NUMINOSO

Em 1937 Jung escreveu sobre o numinoso* como

uma instância ou efeito dinâmicos não causados por um ato arbitrário da vontade. Pelo contrário, ele arrebata e controla o sujeito humano, que é sempre antes sua vítima que seu criador. O numinoso – indiferentemente quanto a que causa possa ter – é uma experiência do sujeito independentemente de sua vontade. ... O numinoso é tanto uma qualidade pertinente a um objeto visível como a influência de uma presença invisível que causa uma peculiar alteração da CONSCIÊNCIA (CW 11, parág. 6).

Desafia explicações, porém parece conter uma mensagem individual que, embora misteriosa e enigmática, também é profundamente impressionante.
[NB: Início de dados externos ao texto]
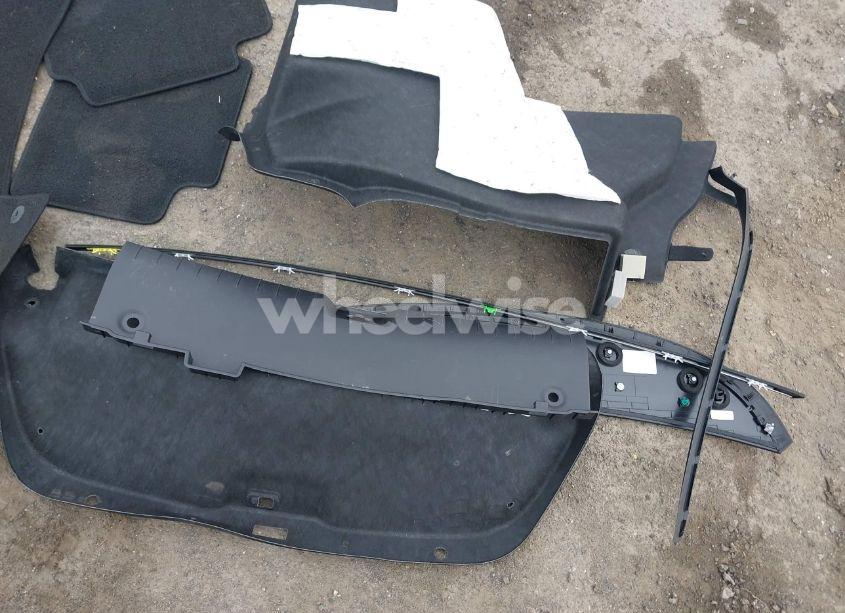 Photo 12 of 2023 Kia K5 LXS (VIN 5XXG14J25PG199722)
Jung percebia que a crença, consciente ou inconsciente, isto é, uma disponibilidade prévia para confiar em um poder transcendente, era uma condição prévia para a experiência do numinoso. O numinoso não pode ser conquistado; o indivduo pode somente abrir-se para ele. Porém, uma experiência do numinoso é mais que uma experiência de uma força tremenda e compulsiva; é um confronto com uma força que encerra um SIGNIFICADO ainda não revelado, atrativo e profético ou fatídico.
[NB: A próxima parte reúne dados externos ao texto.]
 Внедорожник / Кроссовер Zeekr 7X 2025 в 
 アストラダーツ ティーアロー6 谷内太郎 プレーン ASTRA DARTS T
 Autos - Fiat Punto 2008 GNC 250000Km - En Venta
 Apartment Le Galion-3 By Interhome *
Esta definição era compatível com aquela dada por Otto em The Idea of the Holy (1917) e Jung via o encontro com numinoso como uma característica de toda experiência religiosa. A numinosidade é um aspecto de uma IMAGEM DE DEUS supra-ordenada, quer pessoal quer COLETIVA. Investigações de experiências religiosas convenceram-no de que, em tais ocasiões, conteúdos previamente INCONSCIENTES rompem as barreiras do EGO e dominam a personalidade consciente da mesma maneira como o fazem as invasões do inconsciente em situações patológicas. Contudo, uma experiência do numinoso não é de hábito psicopatológica. Diante de relatos de encontros individuais como o “divino”, a ele apresentados, Jung sustentava que necessariamente não encontrava prova da existência de Deus; porém, em todos os casos, as experiências eram de uma profundidade tal que meras descrições não poderiam dar conta de seus efeitos.

A psicologia humanista contemporânea fala de tais acontecimentos impressivos como “experiências máximas”.

Ver ESPÍRITO; RELIGIÃO; VISÃO.

* Numinosum, em sua forma latina, no original inglês. [N. do T.]